(MA Lawyers Weekly) Massachusetts regulators are poised to impose a heightened fiduciary standard of conduct on investment professionals.
Late last year, Secretary of State William F. Galvin signed off on a proposed standard for broker-dealers, agents and investment advisors that would require those professionals to satisfy both the duty of care and the duty of loyalty in dealing with customers and clients. Specifically, covered professionals would be required to provide advice based on what is best for the client and without regard to the interests of the advisor or the firm for which the advisor works.
The new standard would apply to the provision of recommendations, advice and the selection of account types.
Massachusetts is not alone here.

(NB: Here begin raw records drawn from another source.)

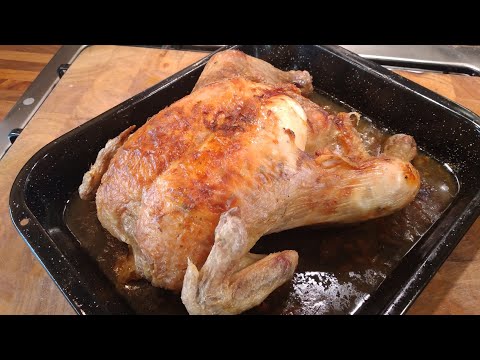 Anchovy and Lemon Butter Roast Chicken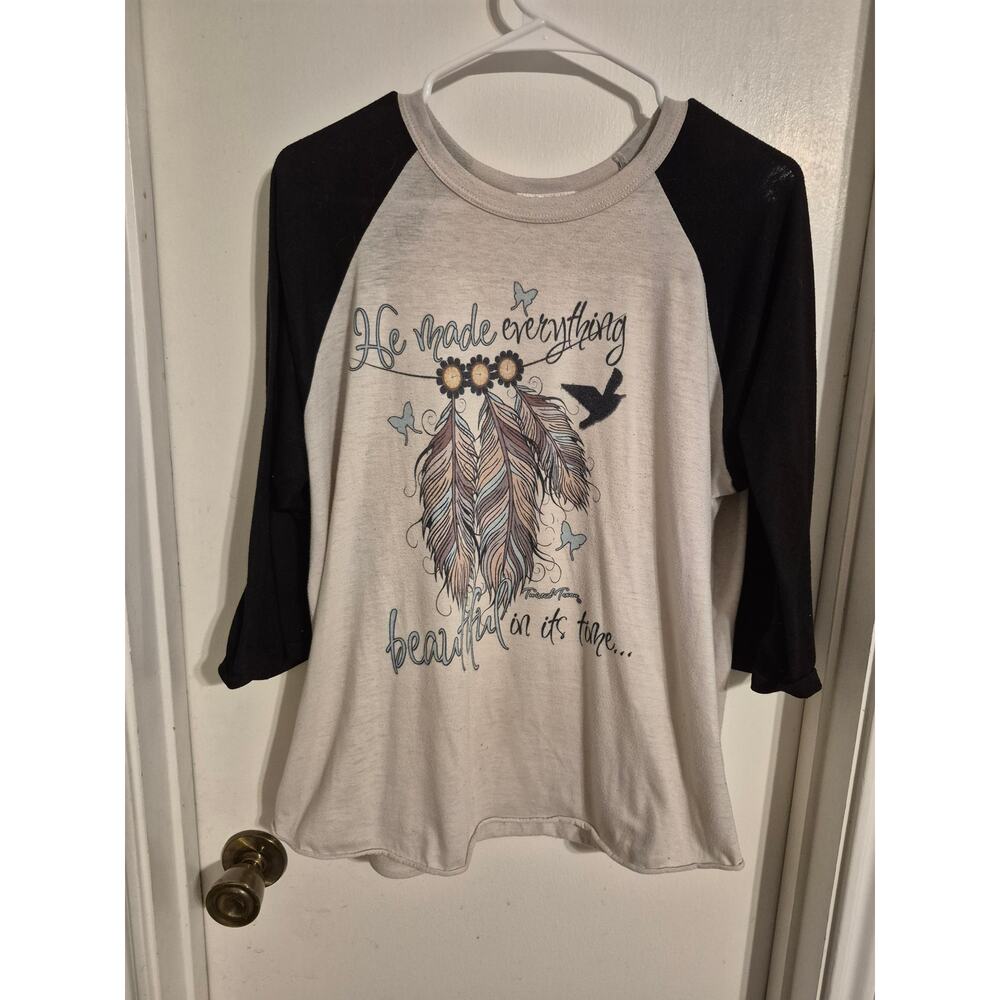 Womens L & B Top
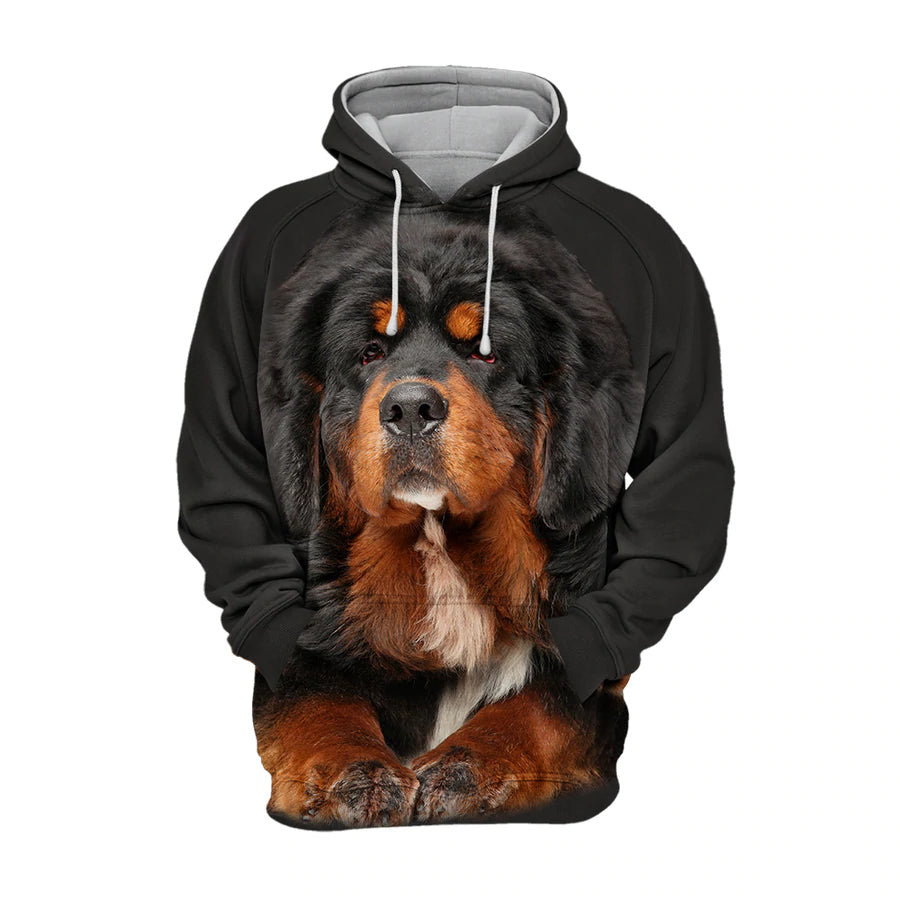 Tibetan Mastiff - Unisex 3D Graphic Hoodie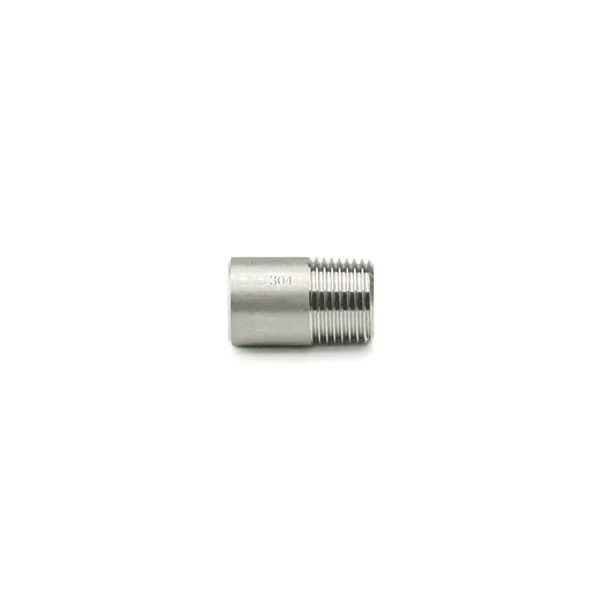 Резьба короткая из нержавеющей стали AISI 304 DN 10 (3/8")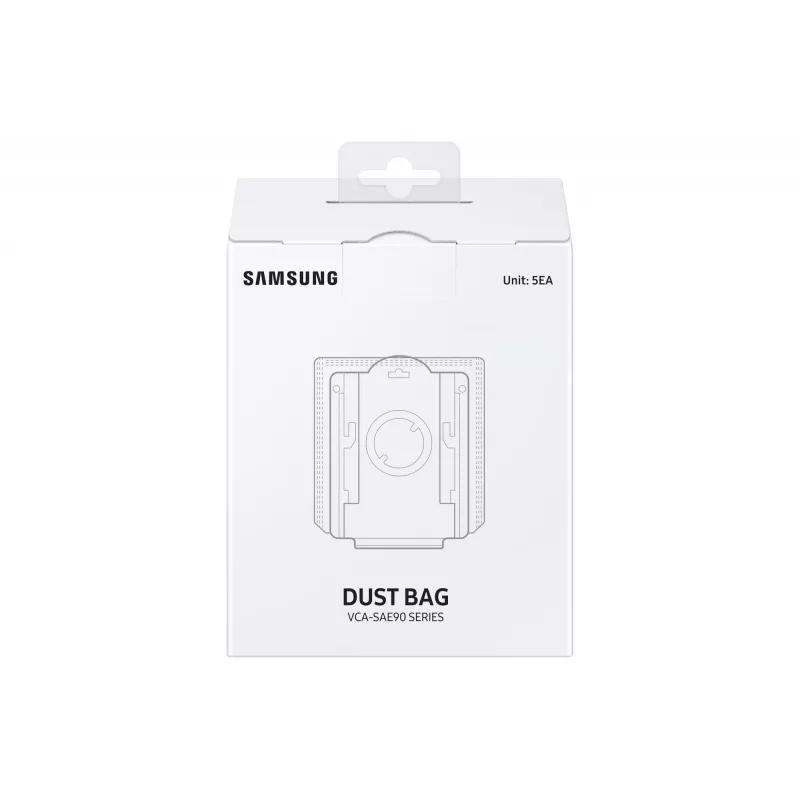 Filtrs Samsung VCA-ADB90 Rokas putekļsūcējam Balts 135 mm x 23 mm x 142 mm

Similar fiduciary standards have been adopted elsewhere, including New Jersey and Nevada, and several other states are also considering proposals.

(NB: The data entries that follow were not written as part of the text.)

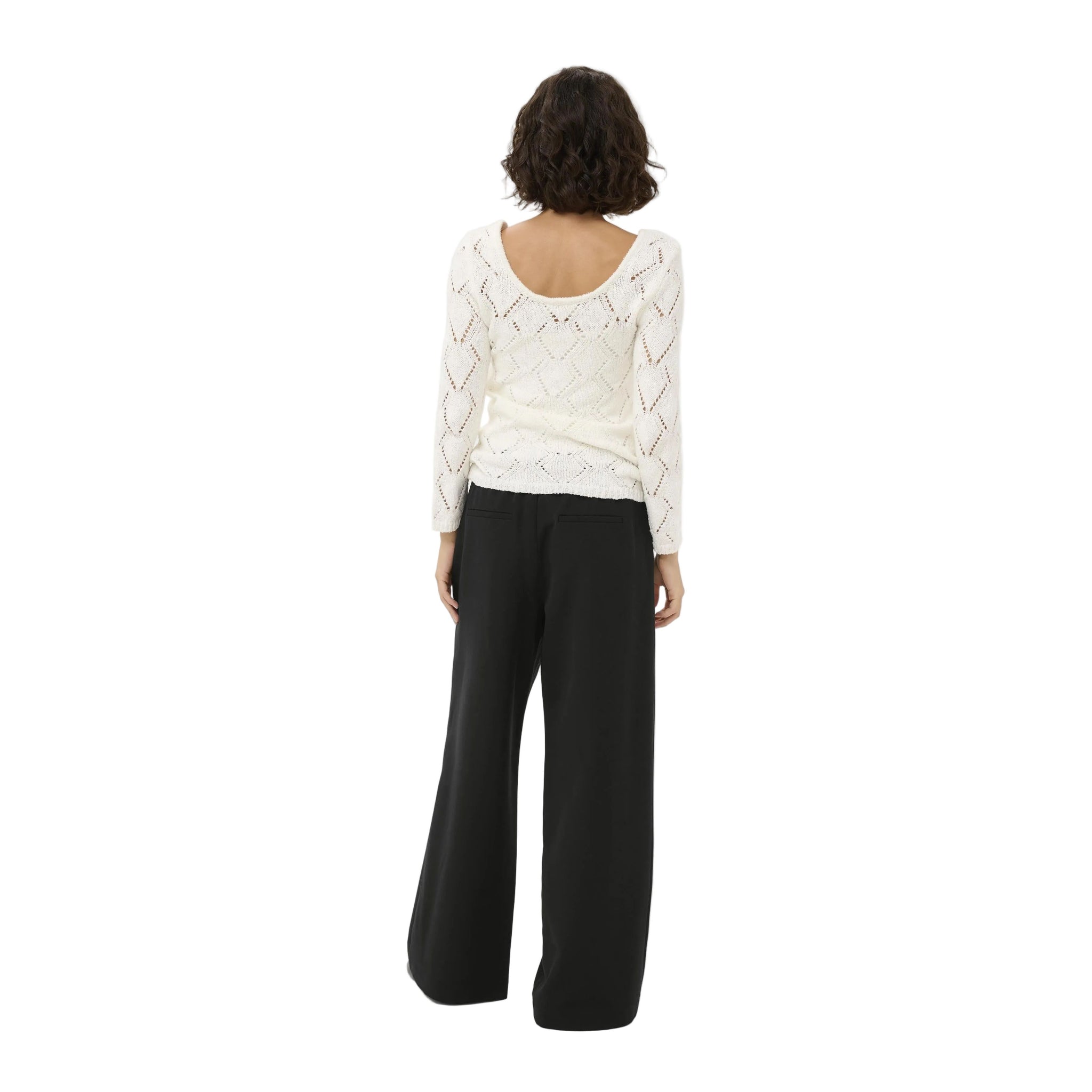 Kaffe women's black trousers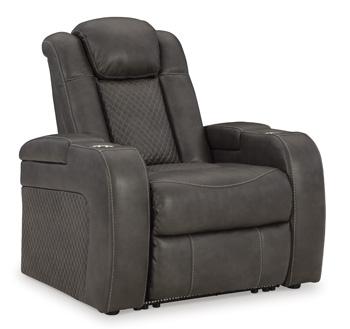 Fyne-Dyme Power Recliner - Theo's Factory Direct Mattress & Furniture (Columbus, OH)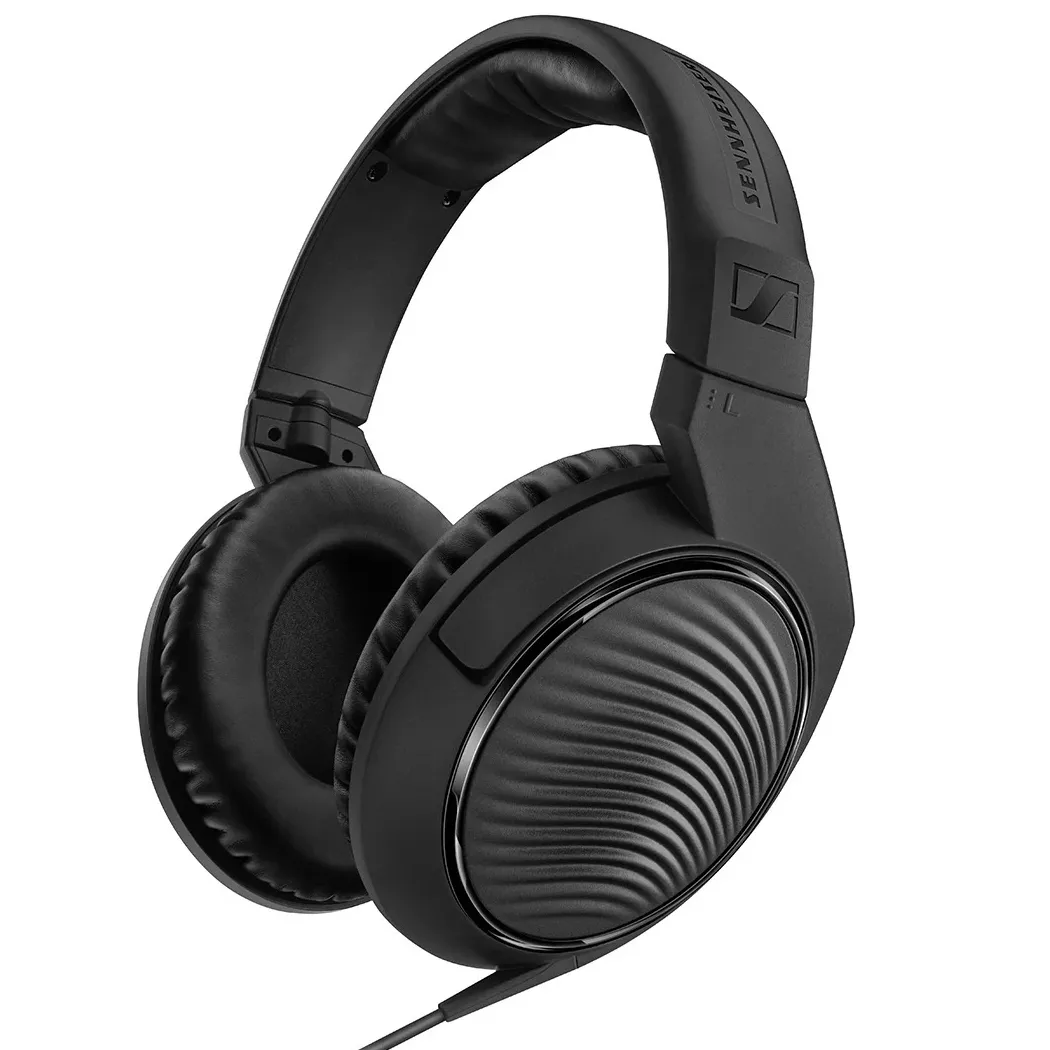 Наушники Sennheiser HD 200 Pro, Чёрный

The latest proposal was designed to respond to perceived shortcomings in a Securities and Exchange Commission regulation adopted in June. “Regulation Best Interest” established a best interest standard of conduct for investment professionals making recommendations to a retail customer of any securities transaction involving securities, including recommendations on types of accounts.
“Regulation BI” was promulgated in accordance with authorization under the Dodd-Frank Wall Street Reform and Financial Protection Act for the SEC to establish a strong and uniform standard of conduct for broker-dealers. Covered entities must be in compliance by June 2020.

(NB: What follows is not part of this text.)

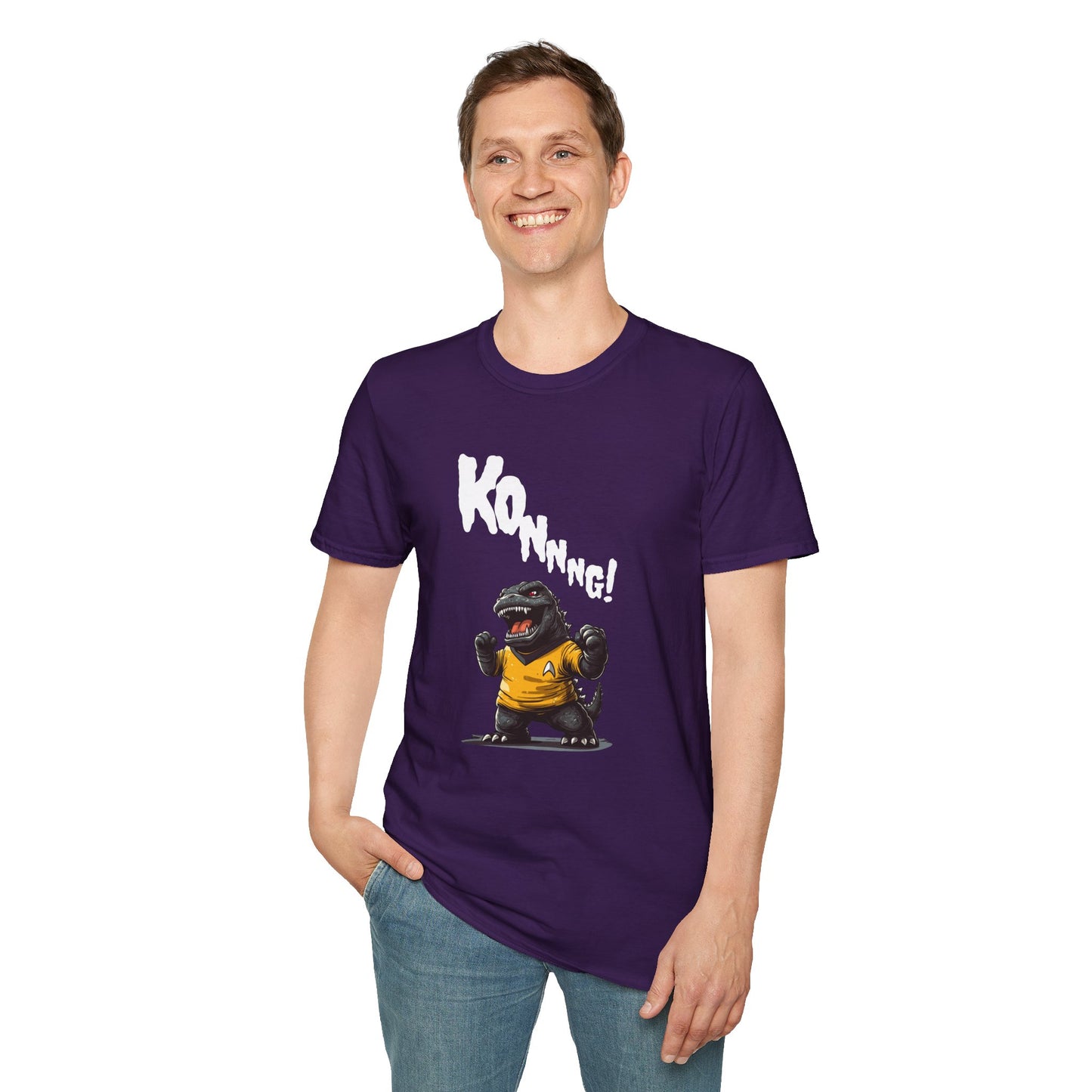 KONNNG! - Unisex Softstyle T-Shirt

The local financial services industry has expressed serious opposition to the proposed Massachusetts standard. At a recent hearing on the subject, industry representatives argued that the difficulty of complying, along with the increased costs associated with doing so, would discourage broker-dealers from offering their services in Massachusetts.
The goal behind Galvin’s proposed standard is admirable: to better protect consumers. Local regulators are clearly concerned the new SEC rule isn’t stringent enough and falls short of what Dodd-Frank requires. But while that ultimately may prove to be the case, it seems premature to deem the federal regulation insufficient when it has not yet been fully implemented.
Further, requiring advisors to adhere to different standards at the national and state levels will inevitably lead to confusion and likely compliance failures. And the need to follow multiple regulatory schemes will lead to increased costs, which financial services providers will undoubtedly pass along to consumers.
All of this suggests that the best course for now is to hold off on final implementation of new state-level regulations until the full impact of the new SEC rule can be assessed.